So, it’s summer, '92, you’ve been running AD&D2e’s Dark Sun, for about a year now; the players, have advanced and you’re flipping through the books looking for a monster to challenge them, and you find one: the Dragon of Tyr; you put him in the game, not knowing the canon and he gets defeated.
So, has anyone actually fought the Dragon of Tyr and did they defeat him, ever?
to tell the truth, in my game, the dragon remains rather a myth, a sword of damocles which hovers over each of your movements, something which exceeds you, largely. And if, by misfortune, you should cross his path,… then goodbye friend
so, just considering facing it is like saying you haven’t understood your insignificance
Haven’t fought the dragon yet.
Campaign we are running in has crested 30 and we got the opportunity to have a run in with the Dragon once. We had to bribe him with some of our loot, and be like “oh don’t worry big boss man, we’re not gonna flip the tablelands”. Of course we were a lot more eloquent than that at the time. Its something that has come up a few times, at least I think it has, along with NPCs that are trying to figure out ways to do so.
My character currently has no desire to see the Dragon dead, because … well… he’s the jailer. They don’t want the prisoner to go free.
Never, but when my life allows for it, I will DM a campaign that hopefully concludes at epic levels. The Dragon won’t be a pushover like it was in The Cerulean Storm.

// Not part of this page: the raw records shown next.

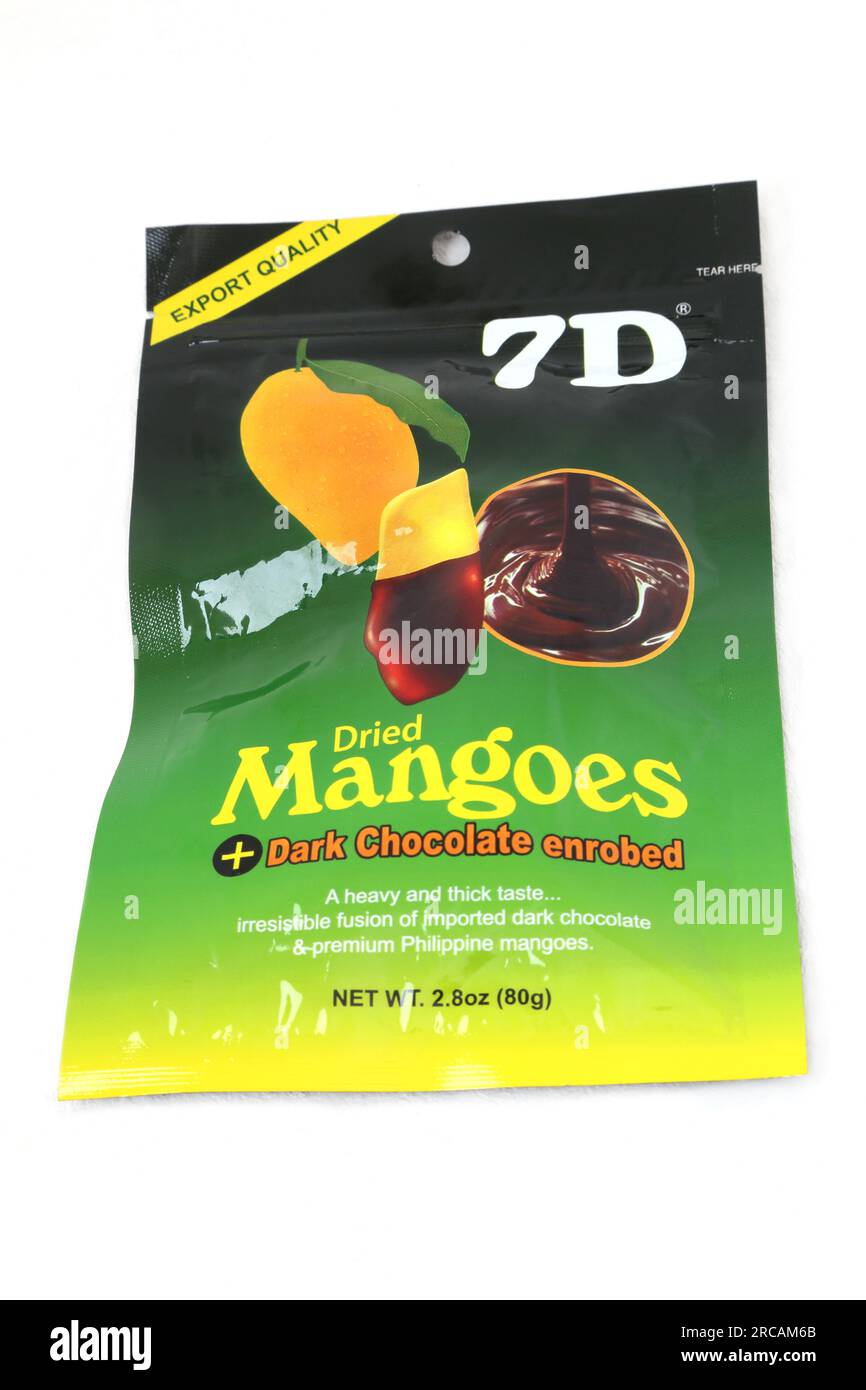 A Pack of Dried Mangoes Dipped in Chocolate Stock Photo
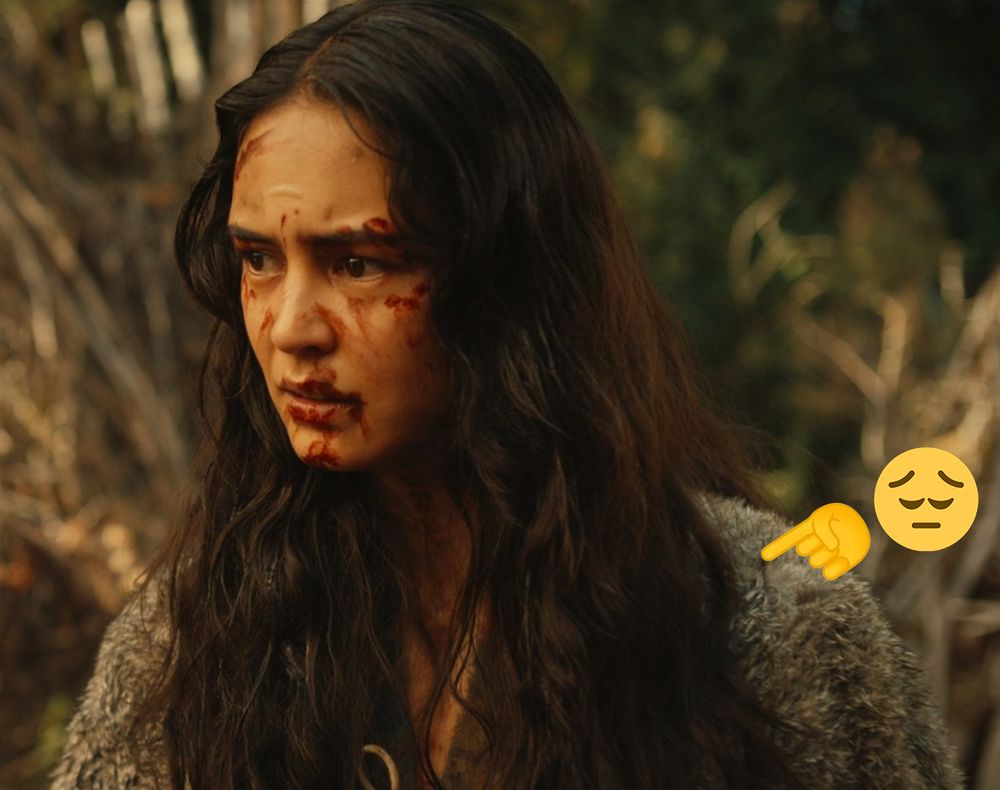 yellowjackets 3x08: teen lottie with blood on her face wearing gray fur over her shoulders. the fur is pointed out by a sad emoji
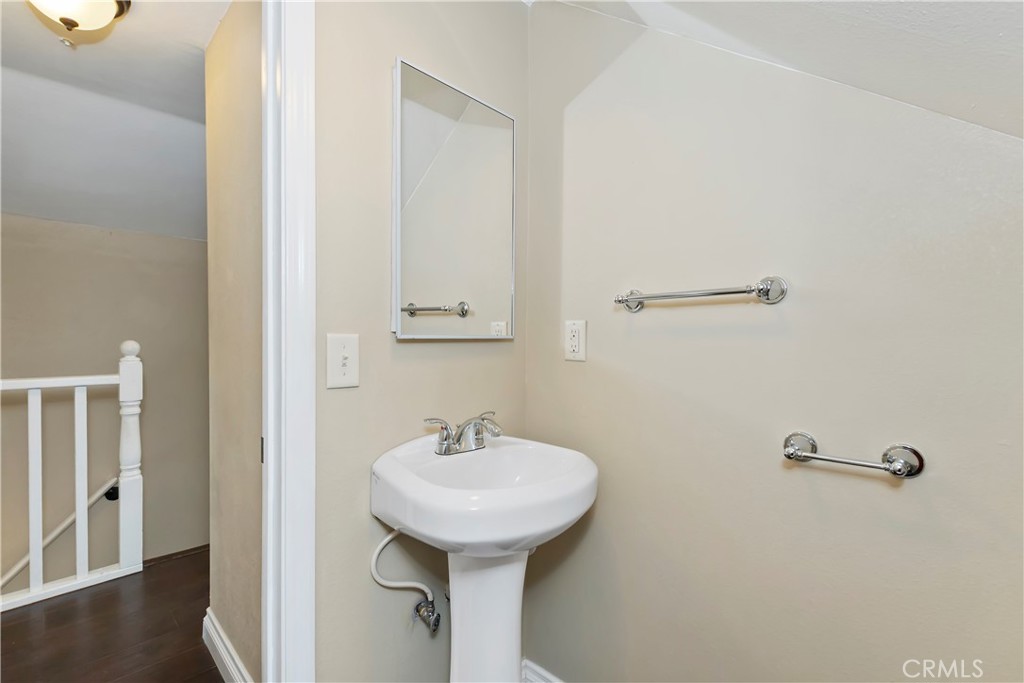 23739 Hillside Drive Crestline, CA 92325 - Photo 25 of 37 a bathroom with a sink a toilet and mirror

An interesting twist to slaying the Dragon could be that Athas ALWAYS has a dragon. The Dragon is the current holder of the title and powers, and is the slayer (or one of the slayers) of the previous dragon. So if the player characters slay “the Dragon”, one of the PCs then becomes the Dragon in turn. The Dragon however is compelled to drain the life energy of sentient beings; animal life can only sustain the Dragon for a few months before it goes on an insane rage to drain sentient life.

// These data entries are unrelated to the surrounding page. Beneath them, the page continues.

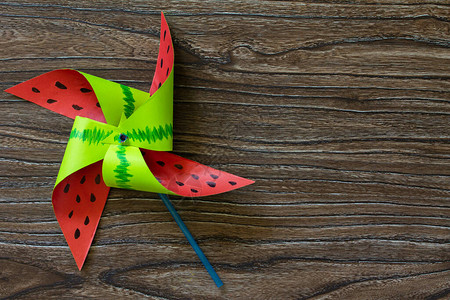 玩具,有趣的玩具西瓜风车在木桌上旋转儿童艺术项目针线活背景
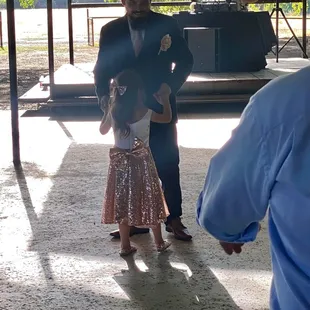 This is me and my daughter for the father daughter dance and Taylor in the background doing an amazing job thank you again.
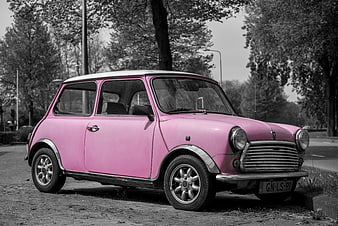 Pink Mini Cooper Classic Car on Cobblestone Street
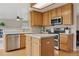 Modern kitchen with stainless steel appliances, hardwood floors, and a center island at 10570 Humboldt Peak Way, Parker, CO 80138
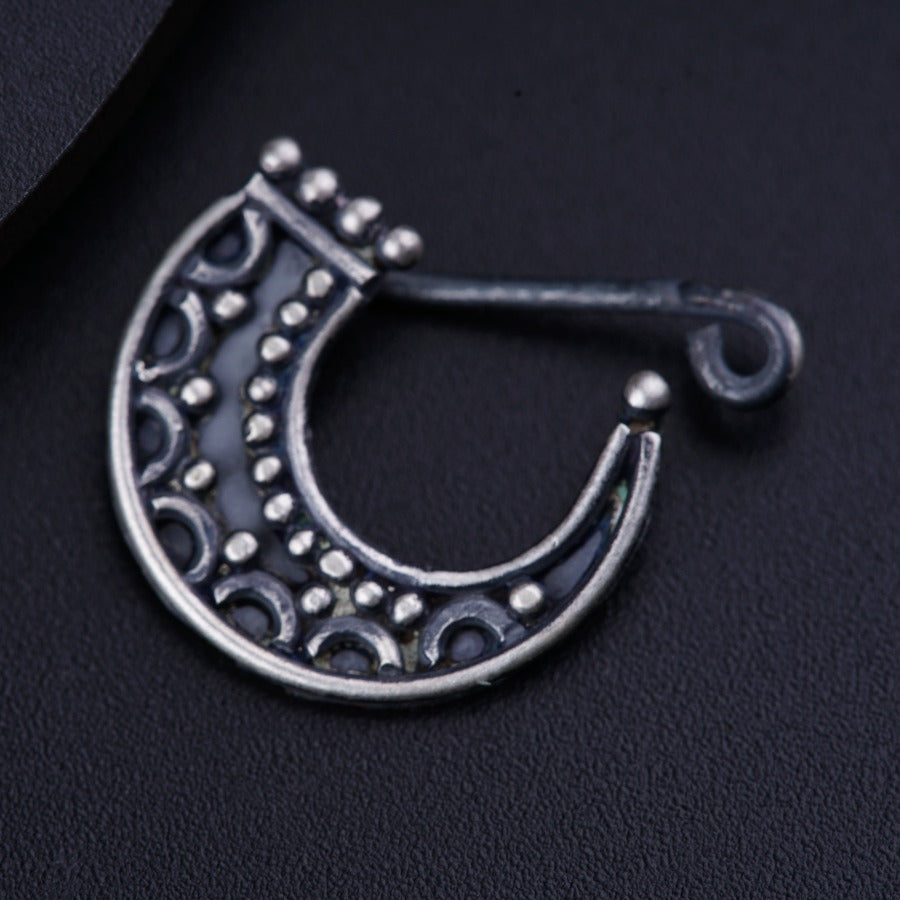 a close up of a metal object on a black surface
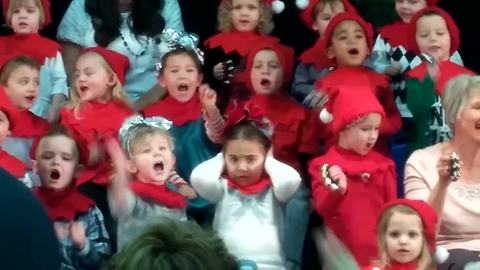 "A Young Girl Covers Her Ears As The School Choir Sings Christmas Carols"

That could be an explanation, if you aren’t using the Rajaat backstory, as to why the Sorcerer Monarchs don’t gang up on the Dragon. None of them want to be a cursed dragon. None of them want to be under the thrall of impulses that they cannot control.
While i’m not generally a fan of such non-canon musing…
I’d simply go with the idea that the magics that maintain Rajaat’s prison are on an “autopay”-like setup, automatically refreshing and pulling magical energy at some frequency (say, with each solstice) and that the “curse” of the Dragon is simply a connection to those magics (making someone the “warden” of Rajaat’s prison), with becoming the Dragon being a consequence of the connection to the magics that maintain the prison. The magics draw energy from you and cause the hunger and defiling that make you the Dragon.
And as a fun consequence/twist, if an avangion killed the Dragon, they’d be the perfect permanent warden of the prison (being living generators of magical/life energy), baring their death by violence…
I think the idea of having to fulfill that duty of the Dragon is itself, a curse, but not like a magical one.
One of the problems with the Dragon’s death is that if no one plays the role of the bad guy, collecting those sacrifices falls to, as you noted with the Avangion irony,the one that kills the Dragon.
One of the dark fates of Dark Sun is that even if one could deal with the Dragon, and stop the sacrifices, could the world still handle that many people? People are struggling for food and water as it is. Removing the Dragon and removing the prison sacrifices creates thousands more mouths to feed every year that would otherwise be signed off as “a necessary evil”. When considering fighting the Dragon or even finding ways to satisfy the tithe, my character had to come to terms with these scenarios.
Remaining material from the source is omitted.